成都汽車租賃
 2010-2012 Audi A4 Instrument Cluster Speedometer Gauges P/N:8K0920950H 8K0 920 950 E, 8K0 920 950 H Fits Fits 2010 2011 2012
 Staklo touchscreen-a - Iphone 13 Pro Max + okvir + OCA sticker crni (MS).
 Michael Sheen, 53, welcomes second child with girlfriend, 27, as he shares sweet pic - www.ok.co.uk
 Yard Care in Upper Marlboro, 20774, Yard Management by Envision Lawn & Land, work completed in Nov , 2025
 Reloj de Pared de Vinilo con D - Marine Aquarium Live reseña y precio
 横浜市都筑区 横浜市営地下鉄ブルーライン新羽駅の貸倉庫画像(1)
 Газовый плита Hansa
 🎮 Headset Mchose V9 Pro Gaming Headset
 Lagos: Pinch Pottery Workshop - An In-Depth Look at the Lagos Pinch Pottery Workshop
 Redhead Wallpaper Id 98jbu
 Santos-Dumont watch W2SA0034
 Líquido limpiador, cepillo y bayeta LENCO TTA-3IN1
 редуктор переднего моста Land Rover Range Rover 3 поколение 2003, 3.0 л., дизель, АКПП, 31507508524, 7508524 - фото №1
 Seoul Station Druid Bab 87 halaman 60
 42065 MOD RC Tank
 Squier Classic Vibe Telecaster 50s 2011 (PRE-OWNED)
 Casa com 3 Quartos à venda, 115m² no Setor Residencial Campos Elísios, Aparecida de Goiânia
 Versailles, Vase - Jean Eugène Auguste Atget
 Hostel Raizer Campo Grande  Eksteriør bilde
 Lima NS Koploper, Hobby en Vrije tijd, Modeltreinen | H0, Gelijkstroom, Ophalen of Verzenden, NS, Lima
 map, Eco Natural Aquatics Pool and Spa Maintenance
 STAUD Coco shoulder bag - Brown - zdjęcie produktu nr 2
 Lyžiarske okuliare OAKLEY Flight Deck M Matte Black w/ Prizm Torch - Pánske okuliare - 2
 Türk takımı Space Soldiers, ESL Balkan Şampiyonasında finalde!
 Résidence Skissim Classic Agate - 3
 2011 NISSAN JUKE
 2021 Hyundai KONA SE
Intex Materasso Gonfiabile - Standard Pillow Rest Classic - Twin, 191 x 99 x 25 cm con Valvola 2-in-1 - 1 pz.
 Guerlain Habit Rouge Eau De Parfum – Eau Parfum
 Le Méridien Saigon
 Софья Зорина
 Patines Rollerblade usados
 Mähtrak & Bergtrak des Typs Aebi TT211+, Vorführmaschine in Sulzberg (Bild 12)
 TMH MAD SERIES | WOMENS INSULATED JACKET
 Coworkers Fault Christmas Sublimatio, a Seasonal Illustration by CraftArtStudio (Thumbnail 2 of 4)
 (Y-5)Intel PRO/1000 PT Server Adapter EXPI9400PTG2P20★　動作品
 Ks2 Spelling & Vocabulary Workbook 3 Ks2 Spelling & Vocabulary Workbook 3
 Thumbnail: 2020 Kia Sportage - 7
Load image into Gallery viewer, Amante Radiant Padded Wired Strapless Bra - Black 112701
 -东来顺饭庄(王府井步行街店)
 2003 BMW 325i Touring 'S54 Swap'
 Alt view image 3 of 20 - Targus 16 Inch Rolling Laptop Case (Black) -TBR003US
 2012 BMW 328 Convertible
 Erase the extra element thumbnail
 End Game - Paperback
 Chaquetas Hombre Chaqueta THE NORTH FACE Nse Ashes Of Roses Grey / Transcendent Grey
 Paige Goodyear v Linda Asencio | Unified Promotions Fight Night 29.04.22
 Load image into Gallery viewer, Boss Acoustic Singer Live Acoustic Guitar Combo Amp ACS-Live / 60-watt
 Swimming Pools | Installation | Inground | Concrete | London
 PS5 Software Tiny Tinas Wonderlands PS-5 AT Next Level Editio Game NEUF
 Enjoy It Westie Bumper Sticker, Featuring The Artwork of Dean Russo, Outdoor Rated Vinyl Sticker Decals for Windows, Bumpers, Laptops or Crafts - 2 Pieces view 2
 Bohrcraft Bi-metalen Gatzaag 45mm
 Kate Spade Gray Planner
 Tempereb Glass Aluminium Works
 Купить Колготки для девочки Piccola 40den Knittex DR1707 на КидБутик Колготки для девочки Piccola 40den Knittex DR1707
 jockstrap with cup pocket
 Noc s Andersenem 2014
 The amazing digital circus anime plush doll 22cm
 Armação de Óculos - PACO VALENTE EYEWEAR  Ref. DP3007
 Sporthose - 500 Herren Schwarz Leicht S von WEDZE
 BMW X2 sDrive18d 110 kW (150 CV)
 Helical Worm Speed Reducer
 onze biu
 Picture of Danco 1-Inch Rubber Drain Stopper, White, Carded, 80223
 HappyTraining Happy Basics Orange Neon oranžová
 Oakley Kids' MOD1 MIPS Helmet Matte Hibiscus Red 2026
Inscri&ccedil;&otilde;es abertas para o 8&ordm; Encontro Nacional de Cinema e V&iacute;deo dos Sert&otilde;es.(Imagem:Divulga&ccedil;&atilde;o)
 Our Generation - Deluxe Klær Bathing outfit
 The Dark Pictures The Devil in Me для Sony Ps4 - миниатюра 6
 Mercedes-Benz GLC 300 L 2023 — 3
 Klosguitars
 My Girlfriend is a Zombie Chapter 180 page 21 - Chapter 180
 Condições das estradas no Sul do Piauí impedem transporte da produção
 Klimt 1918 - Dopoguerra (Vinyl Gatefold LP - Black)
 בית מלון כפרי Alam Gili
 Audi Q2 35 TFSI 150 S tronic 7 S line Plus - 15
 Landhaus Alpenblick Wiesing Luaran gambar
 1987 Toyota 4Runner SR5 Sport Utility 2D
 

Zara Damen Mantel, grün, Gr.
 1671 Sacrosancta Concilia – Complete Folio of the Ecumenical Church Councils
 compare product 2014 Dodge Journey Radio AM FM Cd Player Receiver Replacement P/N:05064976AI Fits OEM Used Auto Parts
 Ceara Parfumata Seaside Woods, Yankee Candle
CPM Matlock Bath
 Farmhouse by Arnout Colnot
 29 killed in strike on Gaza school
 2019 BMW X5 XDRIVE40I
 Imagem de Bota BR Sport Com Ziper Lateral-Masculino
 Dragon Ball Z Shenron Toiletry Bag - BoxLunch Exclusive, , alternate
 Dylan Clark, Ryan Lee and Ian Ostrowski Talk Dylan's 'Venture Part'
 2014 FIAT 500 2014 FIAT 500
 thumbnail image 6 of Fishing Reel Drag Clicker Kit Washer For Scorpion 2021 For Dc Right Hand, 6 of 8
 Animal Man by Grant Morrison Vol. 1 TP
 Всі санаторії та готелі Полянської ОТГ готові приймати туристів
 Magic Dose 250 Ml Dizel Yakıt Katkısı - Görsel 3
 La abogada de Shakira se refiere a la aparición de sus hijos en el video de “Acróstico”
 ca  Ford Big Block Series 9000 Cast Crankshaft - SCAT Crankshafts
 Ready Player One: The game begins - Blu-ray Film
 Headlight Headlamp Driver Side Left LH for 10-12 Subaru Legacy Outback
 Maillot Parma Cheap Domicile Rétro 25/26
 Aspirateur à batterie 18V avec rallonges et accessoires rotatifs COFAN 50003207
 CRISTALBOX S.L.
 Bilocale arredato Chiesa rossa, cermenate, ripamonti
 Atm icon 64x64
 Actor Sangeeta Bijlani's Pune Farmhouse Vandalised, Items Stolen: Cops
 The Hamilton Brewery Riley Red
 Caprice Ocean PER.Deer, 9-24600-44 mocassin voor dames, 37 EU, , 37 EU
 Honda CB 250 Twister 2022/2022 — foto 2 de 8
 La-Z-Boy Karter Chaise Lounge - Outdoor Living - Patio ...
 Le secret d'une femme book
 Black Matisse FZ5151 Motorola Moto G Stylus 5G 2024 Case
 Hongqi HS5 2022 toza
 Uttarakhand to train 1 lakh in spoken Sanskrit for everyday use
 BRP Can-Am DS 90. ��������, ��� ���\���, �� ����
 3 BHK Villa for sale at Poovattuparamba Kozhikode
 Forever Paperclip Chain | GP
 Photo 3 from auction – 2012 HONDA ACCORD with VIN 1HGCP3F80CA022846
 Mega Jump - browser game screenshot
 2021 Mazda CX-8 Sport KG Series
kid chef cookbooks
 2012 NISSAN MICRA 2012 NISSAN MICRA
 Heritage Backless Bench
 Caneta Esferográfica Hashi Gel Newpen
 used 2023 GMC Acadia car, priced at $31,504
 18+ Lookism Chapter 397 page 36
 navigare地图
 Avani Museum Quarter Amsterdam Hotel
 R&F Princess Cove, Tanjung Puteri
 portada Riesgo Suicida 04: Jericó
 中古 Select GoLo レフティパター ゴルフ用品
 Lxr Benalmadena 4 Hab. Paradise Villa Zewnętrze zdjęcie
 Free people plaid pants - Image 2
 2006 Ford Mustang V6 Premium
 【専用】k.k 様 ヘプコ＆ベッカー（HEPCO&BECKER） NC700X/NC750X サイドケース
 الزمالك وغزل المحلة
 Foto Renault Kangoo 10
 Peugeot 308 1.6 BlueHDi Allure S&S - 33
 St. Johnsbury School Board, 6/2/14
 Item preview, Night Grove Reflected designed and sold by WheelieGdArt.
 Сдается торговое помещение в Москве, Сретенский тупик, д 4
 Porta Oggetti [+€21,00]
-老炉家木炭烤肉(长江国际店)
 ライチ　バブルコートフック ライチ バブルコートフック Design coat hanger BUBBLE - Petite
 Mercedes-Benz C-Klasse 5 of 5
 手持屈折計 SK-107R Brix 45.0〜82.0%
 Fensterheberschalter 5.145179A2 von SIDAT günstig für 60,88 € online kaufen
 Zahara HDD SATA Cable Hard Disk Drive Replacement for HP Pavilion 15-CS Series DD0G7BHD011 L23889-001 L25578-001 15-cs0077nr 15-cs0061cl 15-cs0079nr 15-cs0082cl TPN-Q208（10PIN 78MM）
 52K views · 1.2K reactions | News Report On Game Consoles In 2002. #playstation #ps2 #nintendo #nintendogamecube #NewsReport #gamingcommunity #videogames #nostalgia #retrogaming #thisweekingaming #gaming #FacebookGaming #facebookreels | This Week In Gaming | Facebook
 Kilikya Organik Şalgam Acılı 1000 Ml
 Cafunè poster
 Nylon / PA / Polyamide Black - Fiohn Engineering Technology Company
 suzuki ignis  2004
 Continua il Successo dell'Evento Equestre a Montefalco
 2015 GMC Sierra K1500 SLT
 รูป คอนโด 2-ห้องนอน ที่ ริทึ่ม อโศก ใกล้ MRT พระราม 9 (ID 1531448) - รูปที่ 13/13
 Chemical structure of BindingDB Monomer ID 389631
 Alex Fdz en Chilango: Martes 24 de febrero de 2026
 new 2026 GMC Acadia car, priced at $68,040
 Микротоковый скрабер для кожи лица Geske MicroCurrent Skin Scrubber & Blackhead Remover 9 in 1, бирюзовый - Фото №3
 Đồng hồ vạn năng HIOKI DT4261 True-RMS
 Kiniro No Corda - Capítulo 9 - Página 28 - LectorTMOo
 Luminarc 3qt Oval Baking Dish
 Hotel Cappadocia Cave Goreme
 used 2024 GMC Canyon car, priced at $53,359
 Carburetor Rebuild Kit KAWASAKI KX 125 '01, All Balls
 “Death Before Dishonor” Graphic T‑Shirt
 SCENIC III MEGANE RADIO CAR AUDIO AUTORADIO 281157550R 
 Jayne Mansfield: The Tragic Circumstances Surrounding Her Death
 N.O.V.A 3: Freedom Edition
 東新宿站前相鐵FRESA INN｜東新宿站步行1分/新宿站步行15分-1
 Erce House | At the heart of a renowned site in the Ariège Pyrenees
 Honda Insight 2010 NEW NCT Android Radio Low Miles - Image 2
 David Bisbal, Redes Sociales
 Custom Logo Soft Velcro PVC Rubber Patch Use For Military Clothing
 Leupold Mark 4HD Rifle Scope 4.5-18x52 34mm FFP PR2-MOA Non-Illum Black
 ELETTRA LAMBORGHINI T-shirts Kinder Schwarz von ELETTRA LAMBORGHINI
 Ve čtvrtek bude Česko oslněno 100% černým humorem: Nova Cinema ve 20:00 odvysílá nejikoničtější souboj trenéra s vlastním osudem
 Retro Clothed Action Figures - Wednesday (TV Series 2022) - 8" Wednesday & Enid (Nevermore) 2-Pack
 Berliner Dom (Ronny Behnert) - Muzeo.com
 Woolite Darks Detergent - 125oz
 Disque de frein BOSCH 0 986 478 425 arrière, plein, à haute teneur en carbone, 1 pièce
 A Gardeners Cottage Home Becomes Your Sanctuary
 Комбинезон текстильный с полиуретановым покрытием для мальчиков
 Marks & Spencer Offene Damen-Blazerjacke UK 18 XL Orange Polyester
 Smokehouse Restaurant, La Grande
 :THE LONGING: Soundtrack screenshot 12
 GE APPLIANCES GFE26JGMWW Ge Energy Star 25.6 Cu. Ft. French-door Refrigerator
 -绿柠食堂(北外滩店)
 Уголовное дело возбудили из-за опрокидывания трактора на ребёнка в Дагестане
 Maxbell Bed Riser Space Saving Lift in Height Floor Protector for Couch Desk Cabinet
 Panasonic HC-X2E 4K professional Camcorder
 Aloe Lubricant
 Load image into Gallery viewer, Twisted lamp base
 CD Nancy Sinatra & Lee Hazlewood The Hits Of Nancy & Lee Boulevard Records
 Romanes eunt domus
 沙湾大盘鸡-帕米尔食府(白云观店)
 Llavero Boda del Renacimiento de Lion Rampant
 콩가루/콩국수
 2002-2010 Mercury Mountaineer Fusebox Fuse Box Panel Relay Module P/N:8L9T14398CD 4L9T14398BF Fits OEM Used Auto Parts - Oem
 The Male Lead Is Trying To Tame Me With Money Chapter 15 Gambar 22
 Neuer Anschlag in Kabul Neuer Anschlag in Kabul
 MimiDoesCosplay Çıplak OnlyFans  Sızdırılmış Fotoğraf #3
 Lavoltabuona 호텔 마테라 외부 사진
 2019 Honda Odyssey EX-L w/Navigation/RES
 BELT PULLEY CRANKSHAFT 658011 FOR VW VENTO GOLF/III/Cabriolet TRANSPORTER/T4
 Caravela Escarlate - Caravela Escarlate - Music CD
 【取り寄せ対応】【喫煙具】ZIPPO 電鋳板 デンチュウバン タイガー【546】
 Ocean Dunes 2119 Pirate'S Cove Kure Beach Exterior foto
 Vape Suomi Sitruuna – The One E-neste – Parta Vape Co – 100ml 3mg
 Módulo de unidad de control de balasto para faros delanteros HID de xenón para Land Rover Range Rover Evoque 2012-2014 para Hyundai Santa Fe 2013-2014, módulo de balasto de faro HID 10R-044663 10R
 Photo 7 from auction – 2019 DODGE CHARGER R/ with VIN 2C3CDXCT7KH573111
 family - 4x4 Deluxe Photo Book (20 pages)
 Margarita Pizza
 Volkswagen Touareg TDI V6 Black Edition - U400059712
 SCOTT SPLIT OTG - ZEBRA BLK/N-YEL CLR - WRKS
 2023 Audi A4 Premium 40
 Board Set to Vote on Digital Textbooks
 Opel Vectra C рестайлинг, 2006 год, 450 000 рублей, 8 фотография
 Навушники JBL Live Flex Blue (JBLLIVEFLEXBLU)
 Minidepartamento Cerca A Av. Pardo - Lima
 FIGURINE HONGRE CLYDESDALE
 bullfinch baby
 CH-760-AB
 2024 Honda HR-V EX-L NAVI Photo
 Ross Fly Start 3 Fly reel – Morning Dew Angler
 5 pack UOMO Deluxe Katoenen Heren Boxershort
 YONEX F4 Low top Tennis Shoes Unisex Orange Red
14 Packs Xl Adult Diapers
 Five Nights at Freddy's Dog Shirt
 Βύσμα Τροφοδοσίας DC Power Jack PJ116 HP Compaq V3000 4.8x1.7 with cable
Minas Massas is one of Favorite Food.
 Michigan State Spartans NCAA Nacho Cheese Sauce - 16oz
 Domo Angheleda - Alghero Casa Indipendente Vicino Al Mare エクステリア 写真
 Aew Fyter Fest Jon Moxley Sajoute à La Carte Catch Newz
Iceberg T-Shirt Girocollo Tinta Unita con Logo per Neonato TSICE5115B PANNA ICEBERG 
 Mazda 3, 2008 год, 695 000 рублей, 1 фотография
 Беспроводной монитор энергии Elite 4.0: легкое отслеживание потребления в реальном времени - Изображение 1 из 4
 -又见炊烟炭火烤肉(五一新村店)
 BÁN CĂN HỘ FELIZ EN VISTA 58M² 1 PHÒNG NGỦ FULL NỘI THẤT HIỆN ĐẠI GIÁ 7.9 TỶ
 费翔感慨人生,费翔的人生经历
▬▬▬▬▬▬
WHAT THIS TASK INVOLVES:
Copy range, inclusive: the line holding "2014 FIAT 500 2014 FIAT 500" to the line holding "Hongqi HS5 2022 toza". Reproduce exactly those lines of the records above and no others.

ANSWER TO THIS PROBLEM:
 2014 FIAT 500 2014 FIAT 500
 thumbnail image 6 of Fishing Reel Drag Clicker Kit Washer For Scorpion 2021 For Dc Right Hand, 6 of 8
 Animal Man by Grant Morrison Vol. 1 TP
 Всі санаторії та готелі Полянської ОТГ готові приймати туристів
 Magic Dose 250 Ml Dizel Yakıt Katkısı - Görsel 3
 La abogada de Shakira se refiere a la aparición de sus hijos en el video de “Acróstico”
 ca  Ford Big Block Series 9000 Cast Crankshaft - SCAT Crankshafts
 Ready Player One: The game begins - Blu-ray Film
 Headlight Headlamp Driver Side Left LH for 10-12 Subaru Legacy Outback
 Maillot Parma Cheap Domicile Rétro 25/26
 Aspirateur à batterie 18V avec rallonges et accessoires rotatifs COFAN 50003207
 CRISTALBOX S.L.
 Bilocale arredato Chiesa rossa, cermenate, ripamonti
 Atm icon 64x64
 Actor Sangeeta Bijlani's Pune Farmhouse Vandalised, Items Stolen: Cops
 The Hamilton Brewery Riley Red
 Caprice Ocean PER.Deer, 9-24600-44 mocassin voor dames, 37 EU, , 37 EU
 Honda CB 250 Twister 2022/2022 — foto 2 de 8
 La-Z-Boy Karter Chaise Lounge - Outdoor Living - Patio ...
 Le secret d'une femme book
 Black Matisse FZ5151 Motorola Moto G Stylus 5G 2024 Case
 Hongqi HS5 2022 toza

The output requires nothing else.